■ What to do ■
Copy every record verbatim but exclude the pictures.

■ Entries taken from a collection ■
━━━━━━━━━━━━━━━━━━━━
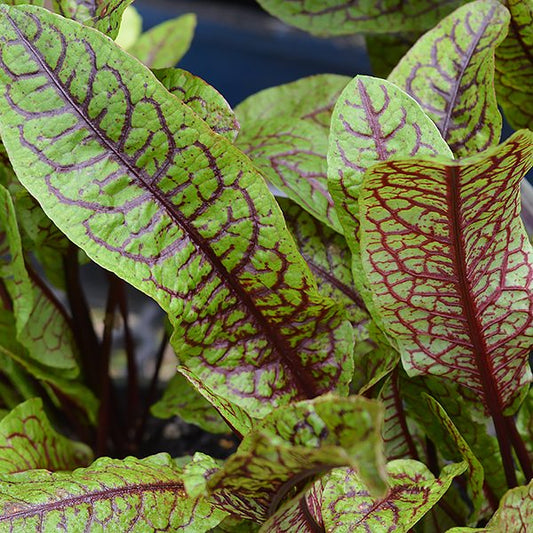 Sorrel Bloody Dock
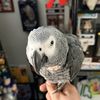Richard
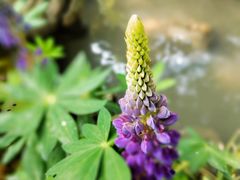 -成都杜甫草堂博物馆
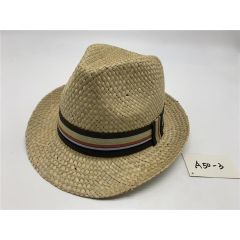 Straw Hat with Multi Band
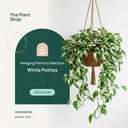 Hanging White Pothos 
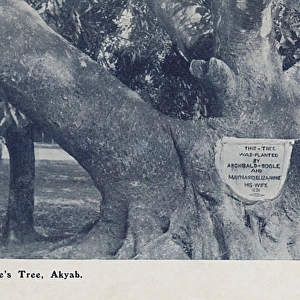Tree planted by Archibald Bogle and his wife - Myanmar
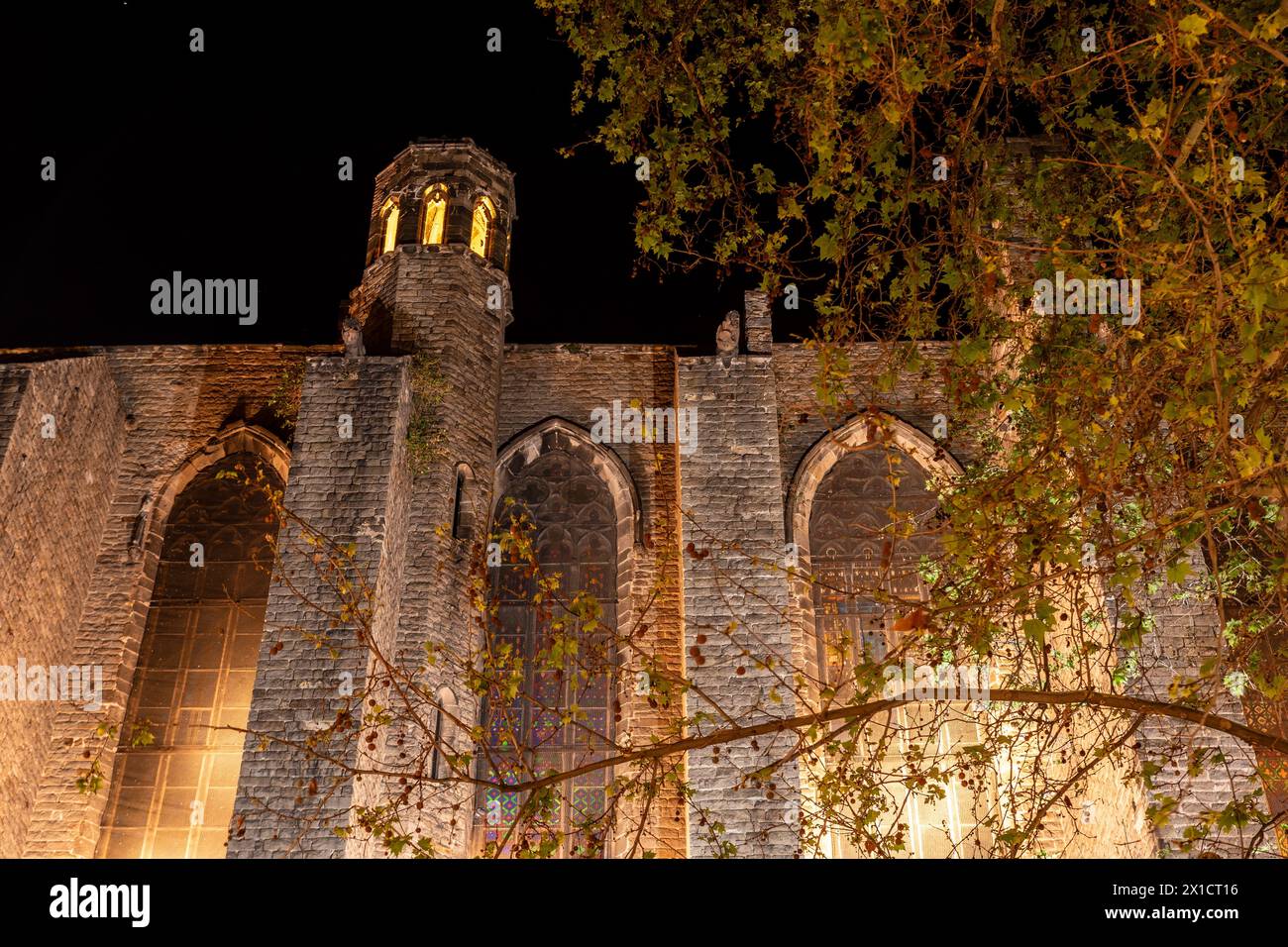 Barcelone, Espagne : façade de Santa Maria del Pi la nuit, quartier Barri Gotic Banque D'Images
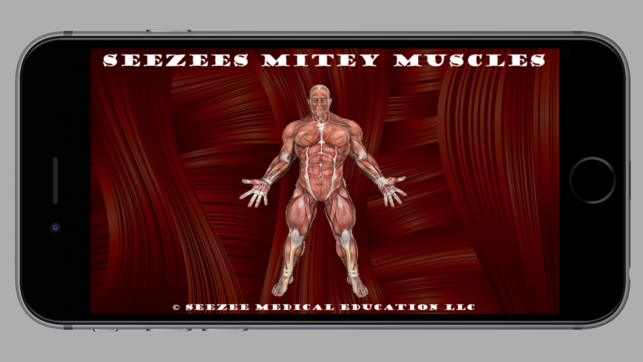 Seezees Mitey Muscles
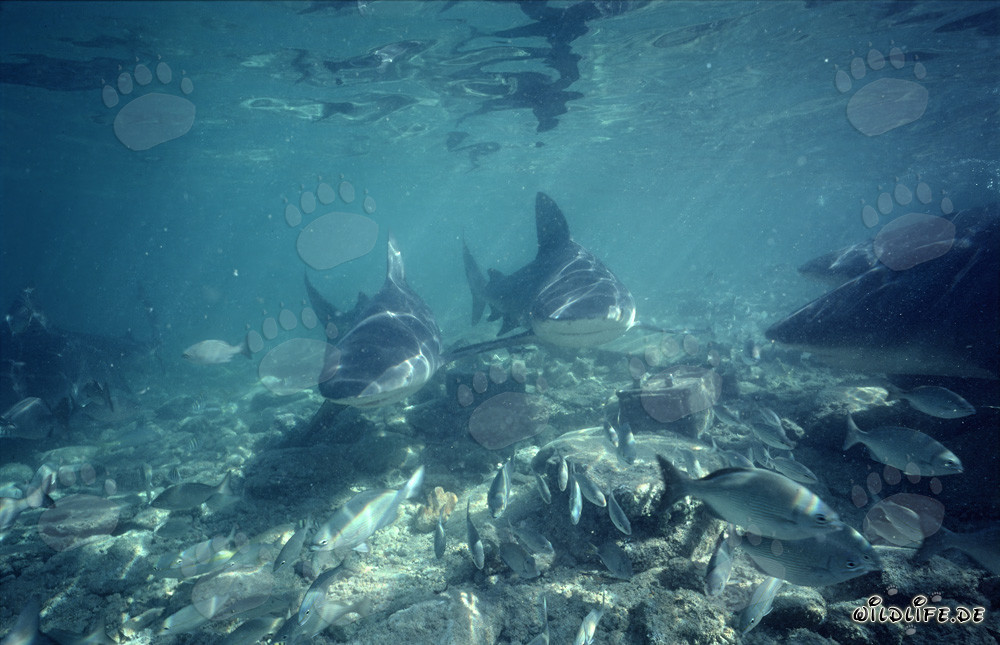 Imposante Bullenhaie in den Gewässern von Walker´s Cay entdecken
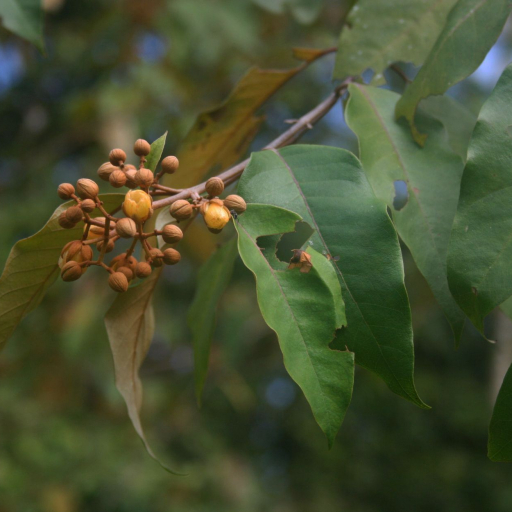 Vismia Baccifera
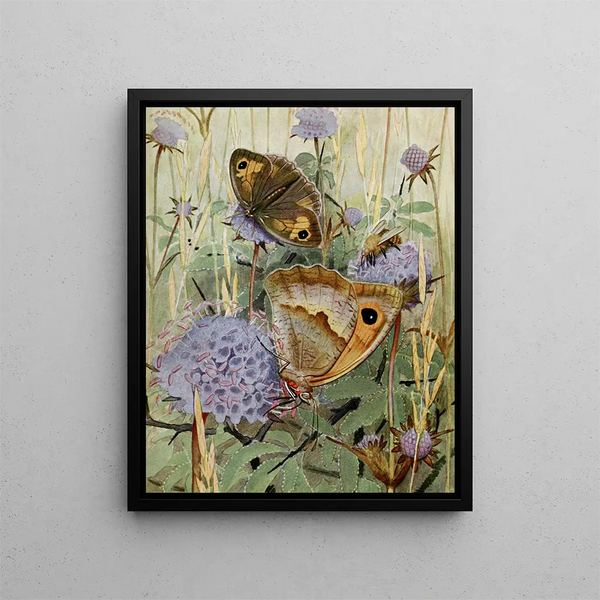 Le Myrtil - Paul-André Robert — framed artwork on a wall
━━━━━━━━━━━━━━━━━━━━
■ Result for this task ■
 Sorrel Bloody Dock
Richard
 -成都杜甫草堂博物馆
 Straw Hat with Multi Band
 Hanging White Pothos 
Tree planted by Archibald Bogle and his wife - Myanmar
 Barcelone, Espagne : façade de Santa Maria del Pi la nuit, quartier Barri Gotic Banque D'Images
 Seezees Mitey Muscles
 Imposante Bullenhaie in den Gewässern von Walker´s Cay entdecken
 Vismia Baccifera
 Le Myrtil - Paul-André Robert — framed artwork on a wall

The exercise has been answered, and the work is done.